Les raisons de ces tensions résident dans le blocage du dialogue social et la gestion des ressources humaines, rapporte le quotidien Al Akhbar dans son édition du week-end des 25 et 26 juillet.
En effet, ces fonctionnaires accusent le ministre de tutelle de fermer la porte au dialogue social et de renvoyer aux calendes grecques leurs principales revendications.
Celles-ci s’articulent notamment autour du nouveau statut des fonctionnaires du secteur de l’enseignement supérieur et des cités universitaires, de la régularisation des dossiers des fonctionnaires titulaires d’un doctorat, du versement d’une indemnité mensuelle de 1000 dirhams et du renforcement des effectifs face à la forte hausse du nombre d’étudiants.

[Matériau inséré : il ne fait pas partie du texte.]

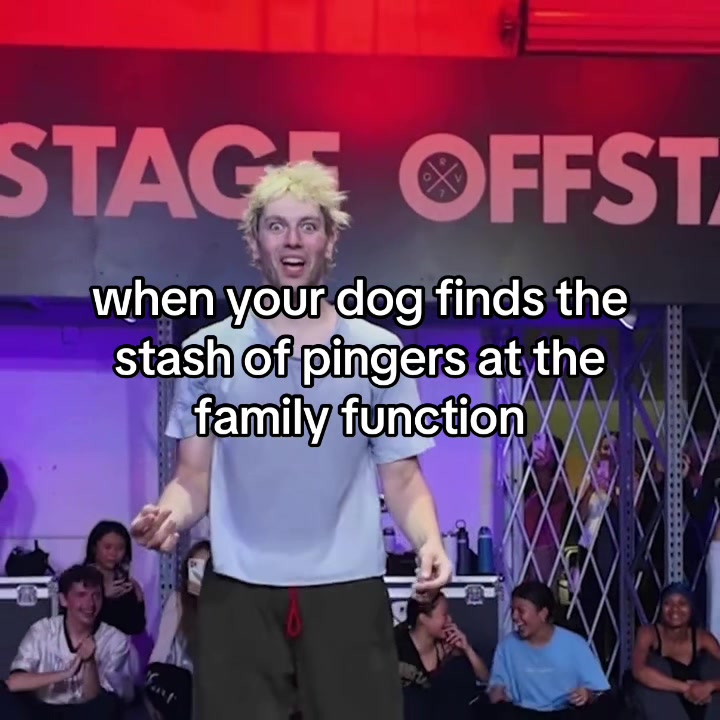 @R96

À ce propos, les fonctionnaires du secteur affiliés à la Confédération démocratique du travail (CDT) reprochent au ministre de tutelle de n’avoir pas honoré les engagements qu’ils avaient pris lors de réunions officielles et au Parlement.
Il s’agit notamment de l’exonération des frais d’inscription pour les fonctionnaires de l’enseignement supérieur dans les universités publiques en filières à temps aménagé.
Dans le fichier revendicatif, poursuit Al Akhbar, les fonctionnaires du secteur demandent également l’occupation de postes clés qui sont actuellement accordés aux enseignants-chercheurs.
Ils estiment que l’occupation de ces postes par des enseignants-chercheurs éloigne ces derniers de leur champ de compétences, à savoir l’enseignement supérieur et la recherche scientifique.
Les critiques visent aussi le phénomène de nomination des chargés de mission et le recrutement de secrétaires avec le statut d’hôtesses via des sociétés de sous-traitance. Cette tension risque d’impacter la prochaine rentrée universitaire, résume le quotidien.